Se me permitem, ainda duas notas muito breves:
1ª nota) Os indivíduos que recorrem a este apoio social são pessoas que, na sua grande maioria, nunca tinham vivenciado situações de pobreza, nem tinham necessitado de ajuda alimentar. Falamos de uma nova forma de encarar e olhar a pobreza.
2ª nota) Foi possível notar no estudo, que a situação de privação material severa destes indivíduos, coloca restrições às suas opções de vida e induz sentimentos de solidão e de inferioridade perante os outros, ainda que apenas metade dos indivíduos analisados, adotam estratégias para deixar de frequentar a cantina social. Uma interrogação pessoal, para reflexão; culpa deles, ou culpa da inércia do sistema?

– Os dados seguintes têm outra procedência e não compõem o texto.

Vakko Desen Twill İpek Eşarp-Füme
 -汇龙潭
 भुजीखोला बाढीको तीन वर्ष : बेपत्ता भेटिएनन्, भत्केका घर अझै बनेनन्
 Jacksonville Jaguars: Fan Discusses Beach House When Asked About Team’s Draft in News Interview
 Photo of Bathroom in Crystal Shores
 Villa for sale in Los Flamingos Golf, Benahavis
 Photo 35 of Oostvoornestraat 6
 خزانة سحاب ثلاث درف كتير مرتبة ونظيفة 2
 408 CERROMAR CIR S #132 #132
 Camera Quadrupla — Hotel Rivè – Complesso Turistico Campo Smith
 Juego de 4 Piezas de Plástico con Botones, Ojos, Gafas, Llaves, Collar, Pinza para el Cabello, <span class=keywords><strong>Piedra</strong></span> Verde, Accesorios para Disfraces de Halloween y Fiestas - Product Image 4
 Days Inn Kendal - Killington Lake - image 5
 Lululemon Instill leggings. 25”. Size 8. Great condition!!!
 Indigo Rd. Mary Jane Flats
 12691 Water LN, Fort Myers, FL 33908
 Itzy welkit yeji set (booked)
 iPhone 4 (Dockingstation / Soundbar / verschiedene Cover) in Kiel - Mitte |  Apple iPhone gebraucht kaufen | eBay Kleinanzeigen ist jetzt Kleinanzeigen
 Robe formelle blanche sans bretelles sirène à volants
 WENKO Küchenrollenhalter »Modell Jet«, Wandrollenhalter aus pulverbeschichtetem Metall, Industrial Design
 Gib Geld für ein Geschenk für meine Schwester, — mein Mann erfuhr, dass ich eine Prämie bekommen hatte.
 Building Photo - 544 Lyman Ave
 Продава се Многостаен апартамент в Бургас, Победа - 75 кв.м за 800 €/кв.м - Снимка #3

Estou quase a terminar, mas acrescentar ainda, é urgente pensar numa estratégia conjunta, que rompa com o assistencialismo que nos últimos anos tem caraterizado esta medida. Sempre defendi e continuarei a fazê-lo, a intervenção social, só tem um resultado real, se existir uma congregação de esforços coletivos, no sentido da capacitação dos indivíduos.
Passaram-se precisamente 11 anos, após a criação das cantinas sociais, continuando diariamente a distribuir refeições. Por isso termino com uma nota e um desafio futuro, seria importante, e porque os tempos assim o são … de um certo modo controversos… perceber até que ponto, esta situação pandémica agravou e acentuou a ida destas pessoas às cantinas sociais. Até porque, as estatísticas disponíveis no Inquérito às Condições de Vida e Rendimento, mostram que o primeiro ano de pandemia foi caracterizado por um aumento dos índices de desigualdade e de risco de pobreza, invertendo uma trajetória de melhoria desde 2015.
Termino com um pensamento de Martin Luther King: “a verdadeira compaixão é mais atirar uma moeda a um pedinte”.
É um dever cívico, não unicamente atirar moedas, mas termos a capacidade de refletir sobre as causas sociais, no fundo… alterar o que pode ser melhorado.